DATA SECTION section start

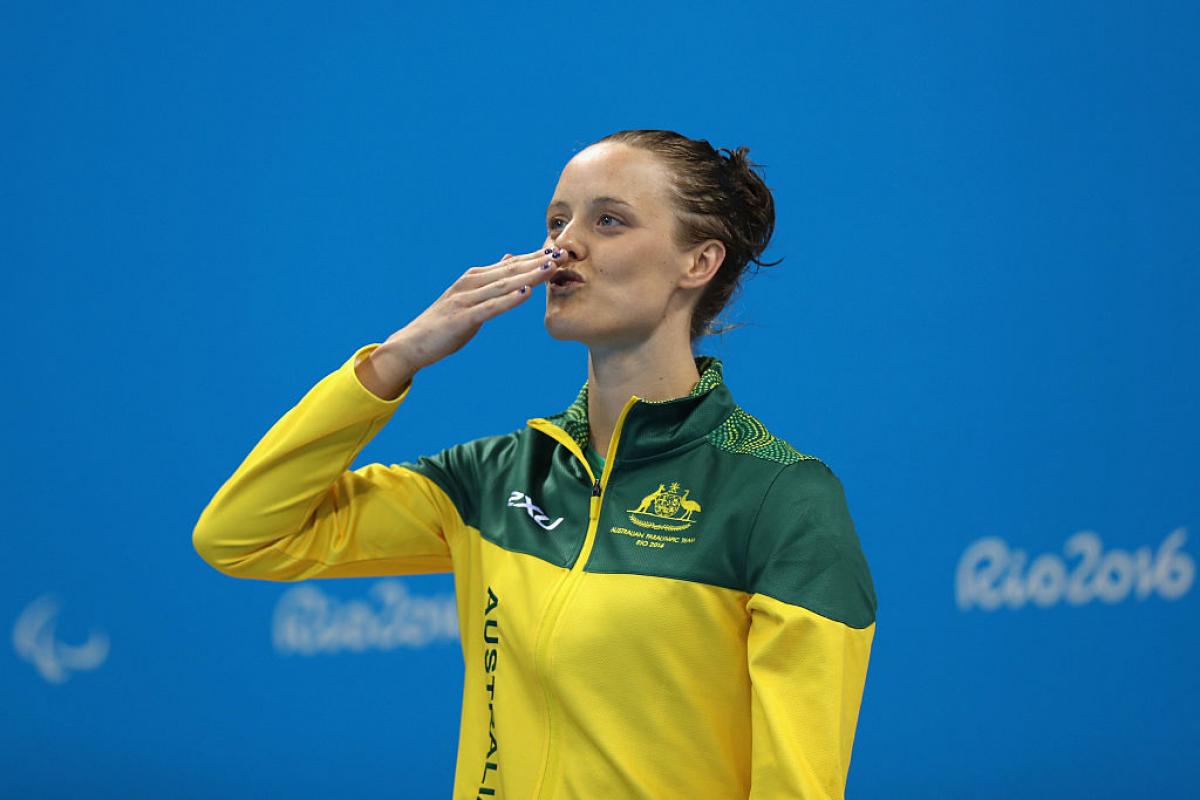 A woman sending a kiss to the audience while standing on the podium waiting to receive a medal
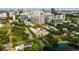 Aerial view showcases the property's prime location amidst lush greenery near a serene lake at 654 Mariposa St, Orlando, FL 32801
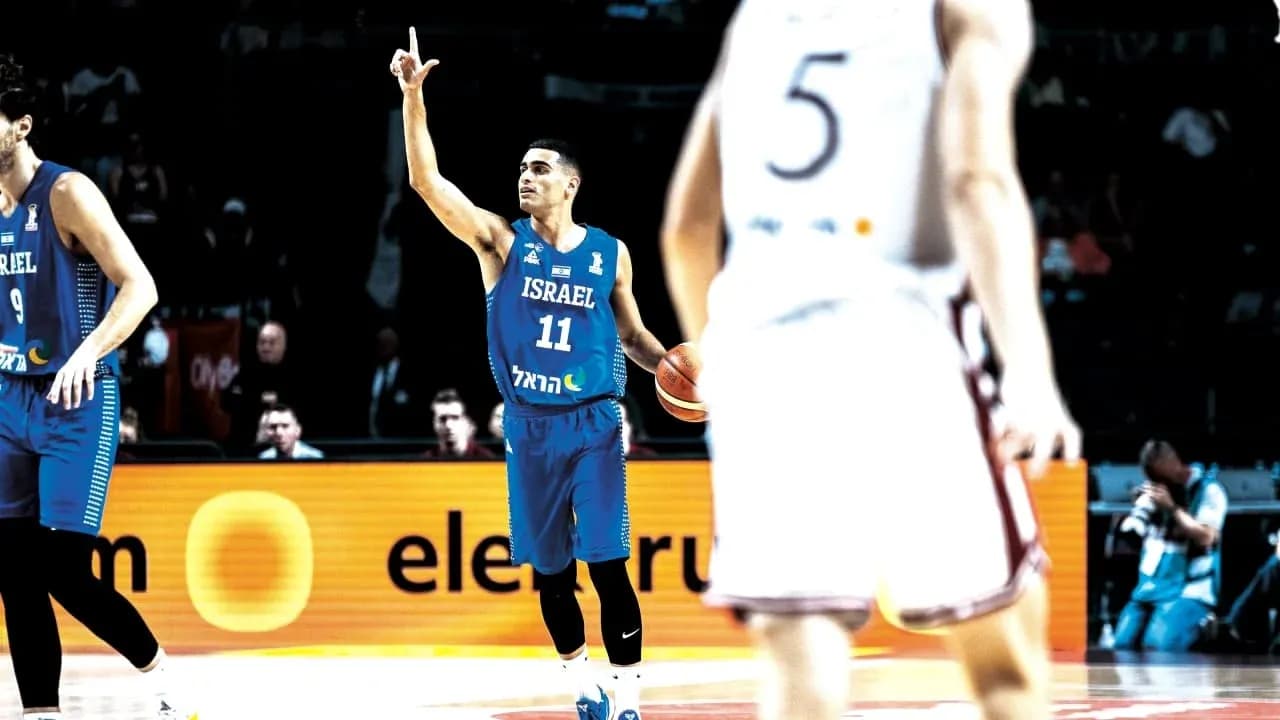 Player 11 signaling during a basketball game Player 11 signaling during a basketball game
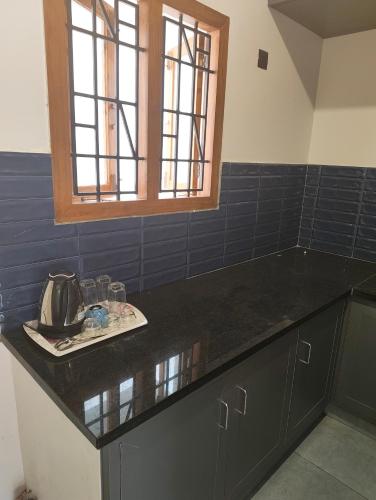 a kitchen with a black counter top and a window at One4ALL SALVIA in Chennai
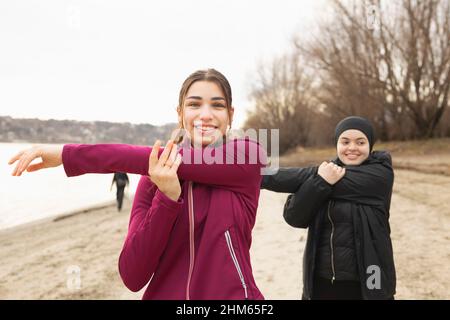 Young female friends stretching their arms before their morning training Stock Photo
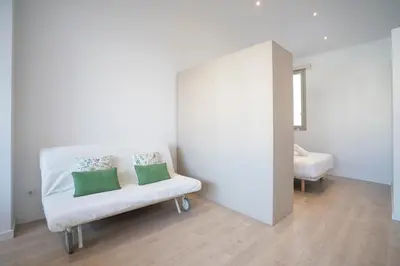 a white chair with two pillows on it in a room at BcnStop Sant Pau Suites in Barcelona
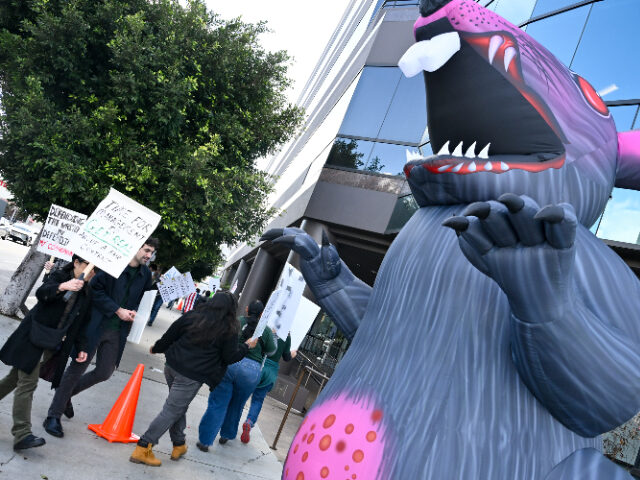 Protestors at a strike by the Writers Guild of America (WGA) staff ahead of Alliance of Mo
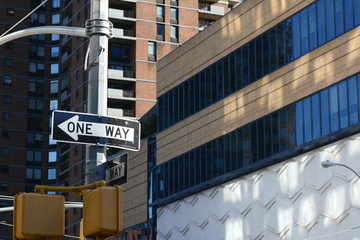 ONE WAY road sign points left on New York street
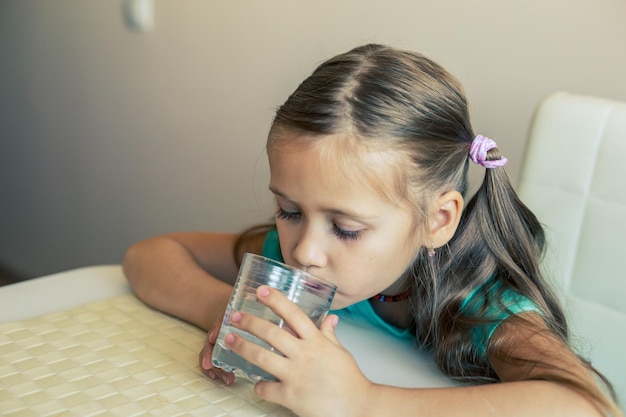 Beautiful little girl drinks clean water from a transparent glass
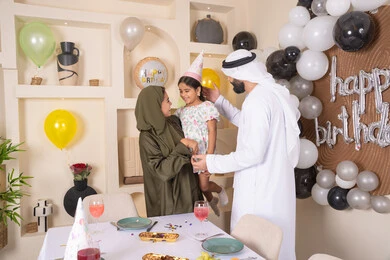 تعليق الزينة والبالونات الملونة ،  مشاركة لأجواء رائعة عائلية داخل المنزل، ايماءات السعاده والسرور ، اعياد ومناسبات سعيدة،  مشاعر الحب والحنان في اجتماع عائلي سعيد، مفهوم الحب والالفه والموده، عائله عربيه خليجيه اماراتية تحتفل بعيد ميلاد ابنتهم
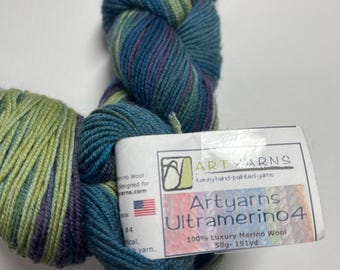 May include: A skein of hand-painted yarn in shades of teal, purple, and green. The label reads "Artyarns Ultramerino4" and "100% Luxury Merino Wool, 50g - 191yd". The yarn is designed for knitting and other fiber arts.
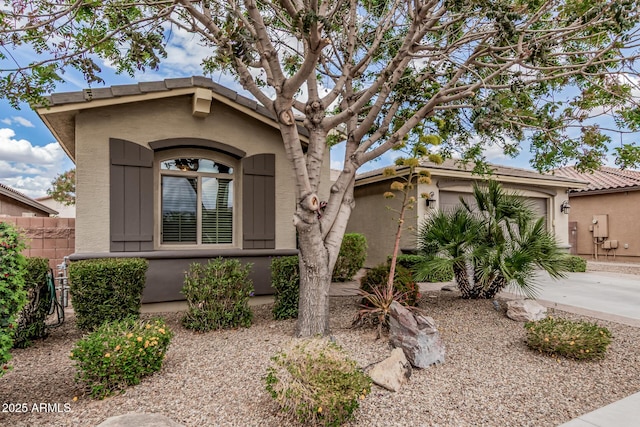1078 W Redwood Ave, Queen Creek, AZ 85140 - view of front of home featuring a garage, concrete driveway, stucco siding, and fence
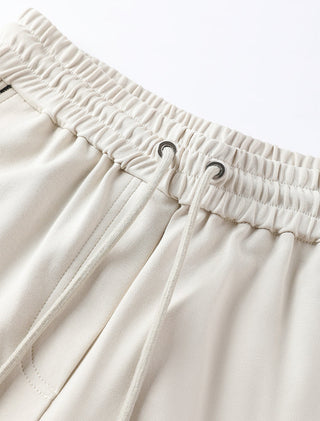 Close-up: cream elastic waistband with drawstring and metal eyelets on relaxed pants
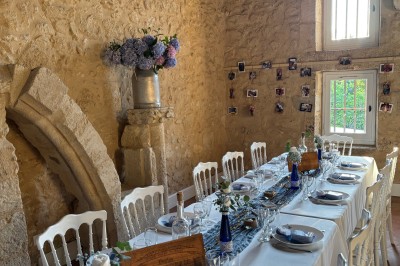 Salle de réception rustique avec murs en pierre, poutres apparentes, décorations florales et lumière naturelle.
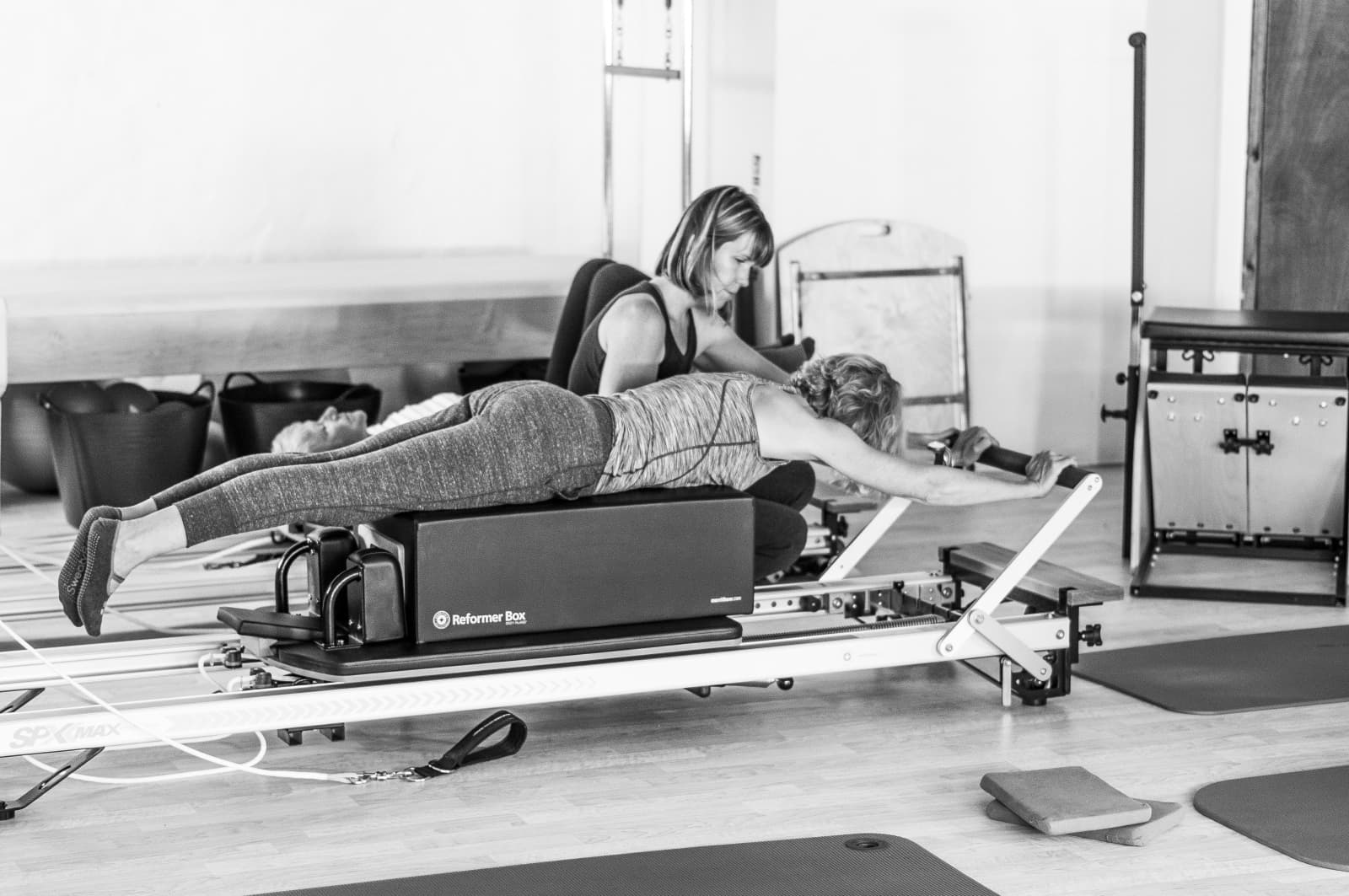 Debbie West teaching a client on the Pilates reformer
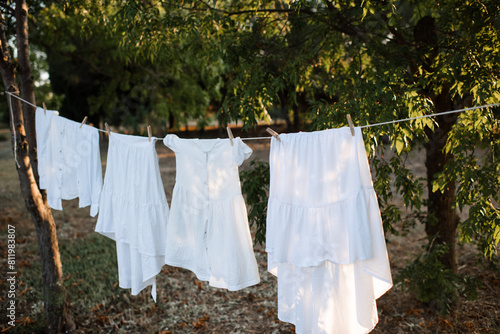 White dresses hanging on rope with pins outdoor close up.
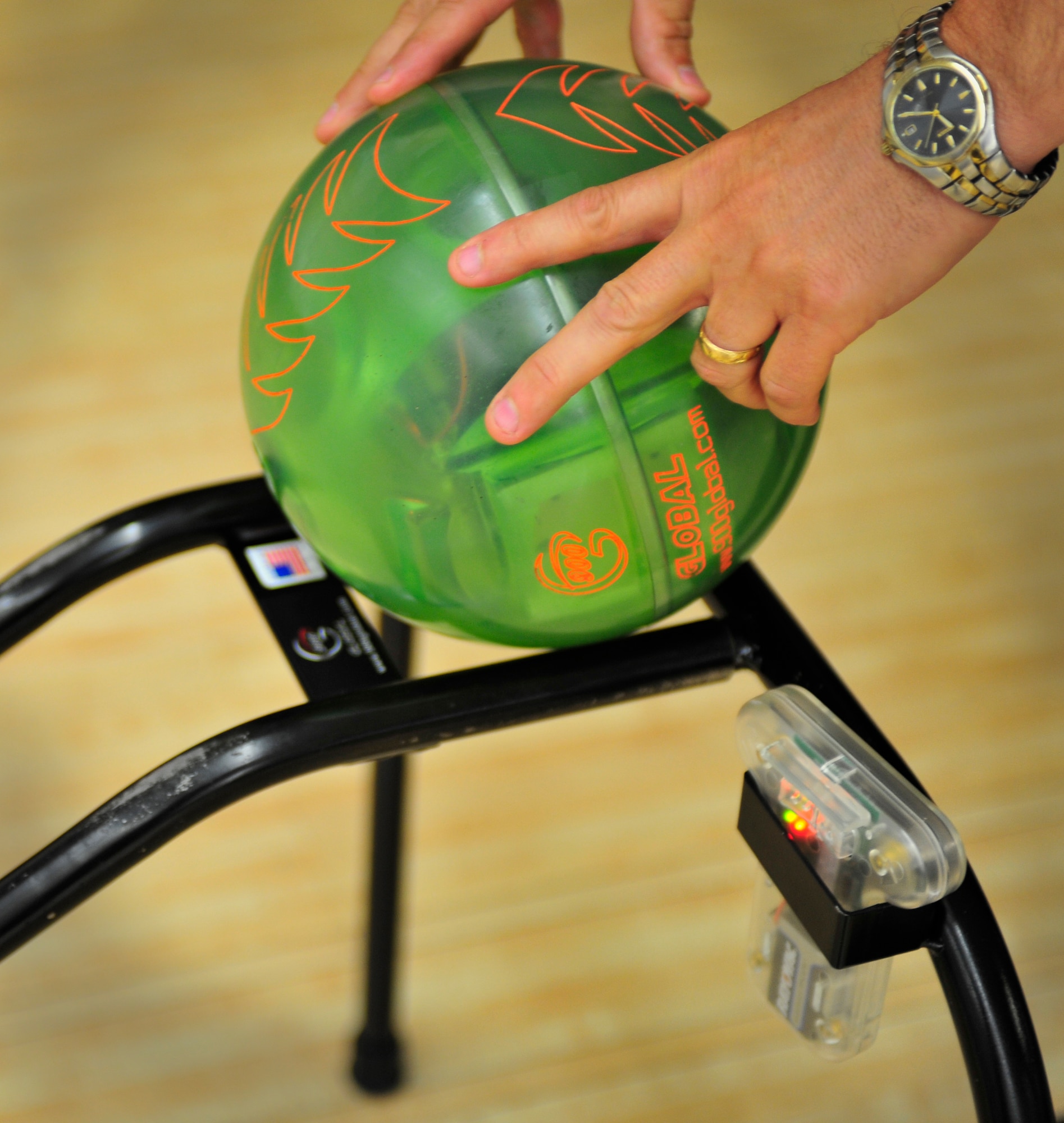 The remote control bowling ball at the bowling center on Shaw Air Force Base, S.C. comes with a remote control with a button that guides the ball to left or right and a ramp to be pushed down. It allows those that are disabled to still experience the joys of bowling. (U.S. Air Force photo/ Airman 1st Class Daniel Phelps/Released)
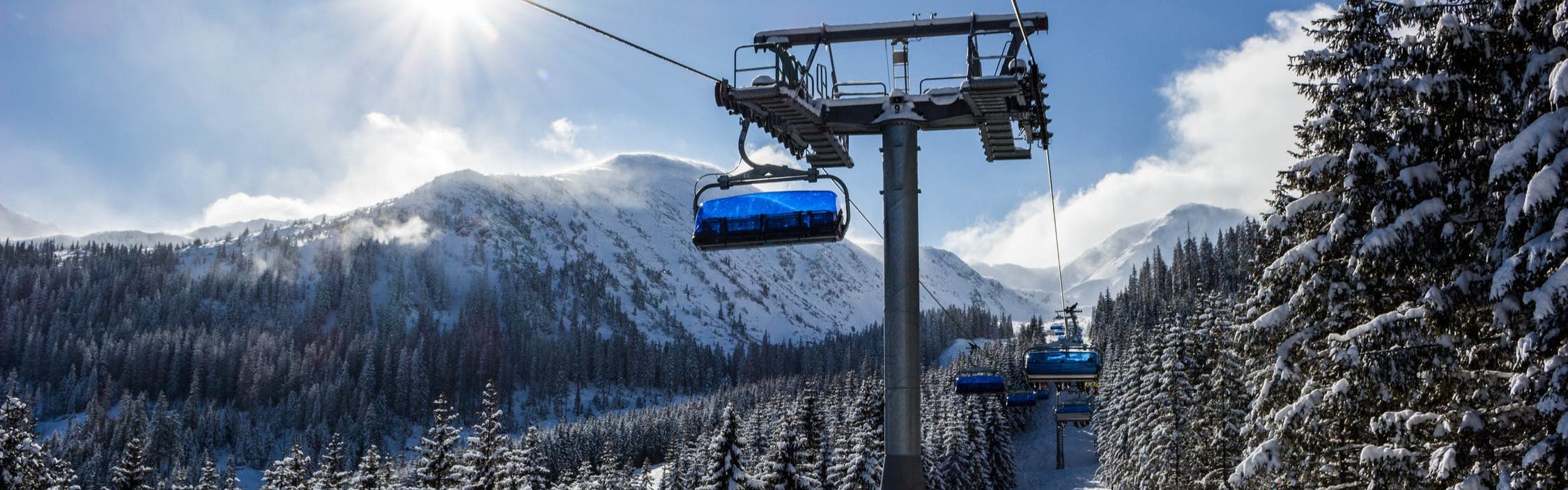 Chairlifts run up a tree-covered slope.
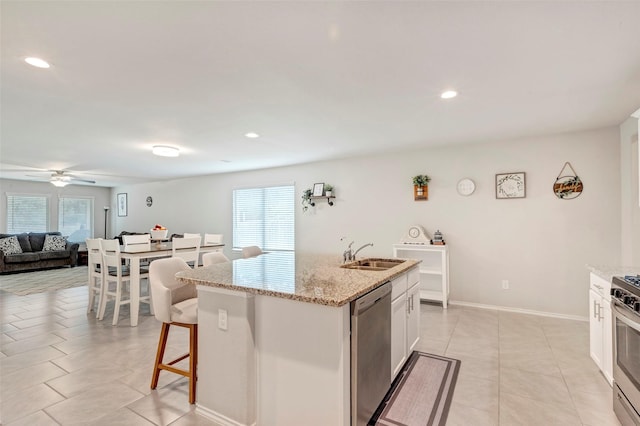 kitchen featuring a center island with sink, white cabinets, sink, light stone counters, and stainless steel appliances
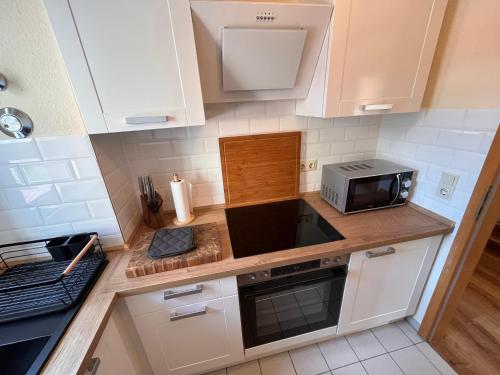 a kitchen with white cabinets and a microwave at Casper-David-Friedrich 2 in Bad Schandau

DATA SECTION section end

WORK ITEM:
Copy the records exactly as they appear, leaving every picture out.

EXPECTED ANSWER:
 A woman sending a kiss to the audience while standing on the podium waiting to receive a medal
 Aerial view showcases the property's prime location amidst lush greenery near a serene lake at 654 Mariposa St, Orlando, FL 32801
 Player 11 signaling during a basketball game Player 11 signaling during a basketball game
 a kitchen with a black counter top and a window at One4ALL SALVIA in Chennai
 Young female friends stretching their arms before their morning training Stock Photo
 a white chair with two pillows on it in a room at BcnStop Sant Pau Suites in Barcelona
 Protestors at a strike by the Writers Guild of America (WGA) staff ahead of Alliance of Mo
 ONE WAY road sign points left on New York street
 Beautiful little girl drinks clean water from a transparent glass
 تعليق الزينة والبالونات الملونة ،  مشاركة لأجواء رائعة عائلية داخل المنزل، ايماءات السعاده والسرور ، اعياد ومناسبات سعيدة،  مشاعر الحب والحنان في اجتماع عائلي سعيد، مفهوم الحب والالفه والموده، عائله عربيه خليجيه اماراتية تحتفل بعيد ميلاد ابنتهم
 May include: A skein of hand-painted yarn in shades of teal, purple, and green. The label reads "Artyarns Ultramerino4" and "100% Luxury Merino Wool, 50g - 191yd". The yarn is designed for knitting and other fiber arts.
1078 W Redwood Ave, Queen Creek, AZ 85140 - view of front of home featuring a garage, concrete driveway, stucco siding, and fence
 Close-up: cream elastic waistband with drawstring and metal eyelets on relaxed pants
 Salle de réception rustique avec murs en pierre, poutres apparentes, décorations florales et lumière naturelle.
 Debbie West teaching a client on the Pilates reformer
 White dresses hanging on rope with pins outdoor close up.
 The remote control bowling ball at the bowling center on Shaw Air Force Base, S.C. comes with a remote control with a button that guides the ball to left or right and a ramp to be pushed down. It allows those that are disabled to still experience the joys of bowling. (U.S. Air Force photo/ Airman 1st Class Daniel Phelps/Released)
 Chairlifts run up a tree-covered slope.
 kitchen featuring a center island with sink, white cabinets, sink, light stone counters, and stainless steel appliances
 a kitchen with white cabinets and a microwave at Casper-David-Friedrich 2 in Bad Schandau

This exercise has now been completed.